L’histoire fait mouche, et en plus d’avoir conquis ses petits-enfants, Leo Lionni a captivé les passagers du wagon qui l’applaudissent à tout rompre. Rentré chez lui, Lionni s’assit à sa table, il déchire un nombre égal de ronds de papier bleu et jaune et la moitié de vert. Il préfère les déchirer que de les découper aux ciseaux car un découpage trop net rendrait la forme trop mécanique pour être une chose vivante. Il met le livre en page et dès le lendemain envoie son projet à un éditeur de livres jeunesse. Le projet est accepté et la nouvelle carrière de Leo Lionni est lancée.
Il quitte les Etats-Unis, abandonne le métier de designer et s’installe en Italie pour se consacrer à ses projets personnels. Après avoir tant créé pour les autres, il veut se recentrer sur l’art, la peinture, cette envie de créer qui l’a toujours animé.

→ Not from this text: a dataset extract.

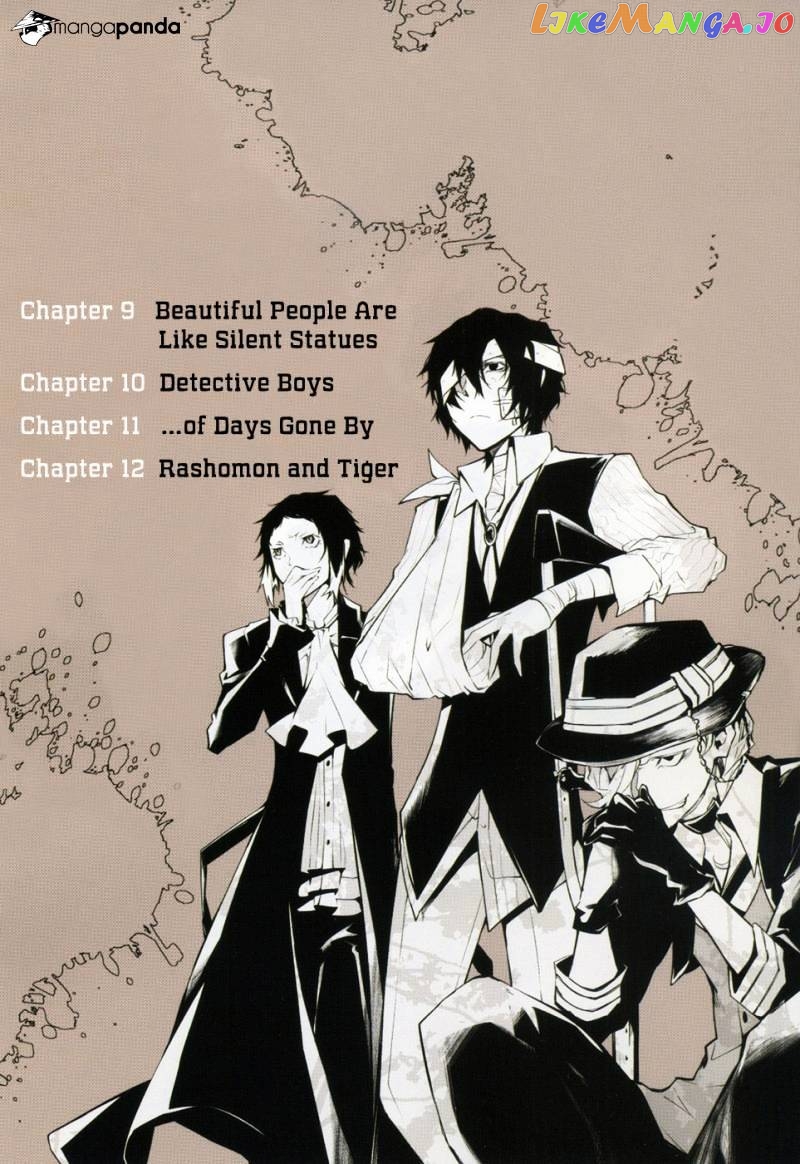 Bungou Stray Dogs Chapter 9 - page 5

C’est une nouvelle vie qu’il entame et se donne corps et âme dans l’écriture de ses histoires pour enfants. Il publie 28 livres jeunesse. Il expérimente différentes techniques, il utilise beaucoup les collages, il découpe, déchire des papiers marbrés qui ne sont pas sans rappeler les terrariums et les fossiles de son enfance. Il aime jouer avec les matières, et ose tous les mélanges. Les histoires de Lionni sont autant de fables nous amenant à réfléchir sur notre condition humaine, même si les personnages sont tous des animaux.
"Frédéric "est une relecture de la fable de la Cigale et de la fourmi. Lionni prend le parti de la cigale et pose plus largement la question de l’utilité de l’artiste dans notre société. Cest bien Frédéric, le poète qui redonne espoir à ses condisciples au plus profond de l’hiver.

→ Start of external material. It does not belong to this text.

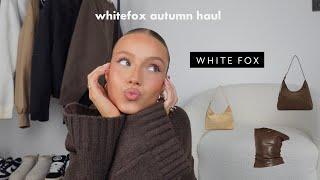 whitefox haul - NDD for uk girls!!!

Dans "le rêve d’Albert", l’auteur raconte la naissance d’une vocation artistique qui n’est autre que la sienne. Derrière Albert la souris, on reconnaît Lionni enfant fasciné par le tableau de Chagall qu’il contemplait si souvent .
Tous les héros de Lionni affrontent la peur de soi, de l’autre et du monde.
"Pezzetino" offre une belle synthèse de son oeuvre. "Pezzetino" est un petit bout qui se demande de quel grand tout il fait partie, mais finit par découvrir qu’il n’en est rien, il est simplement lui. Lionni lui aussi a rassemblé tous les morceaux de sa carrière tout en facettes, pour devenir un auteur de livres jeunesse particulièrement aimé des enfants. "Je suis bien moi" clame Pezzetino.

Leo Lionni s’éteint en 1999 à l’âge de 89 ans. Mais ses livres continuent leur chemin auprès des enfants qui s’approprient totalement ses histoires car elles expriment de façon simple et directe leurs différents sentiments.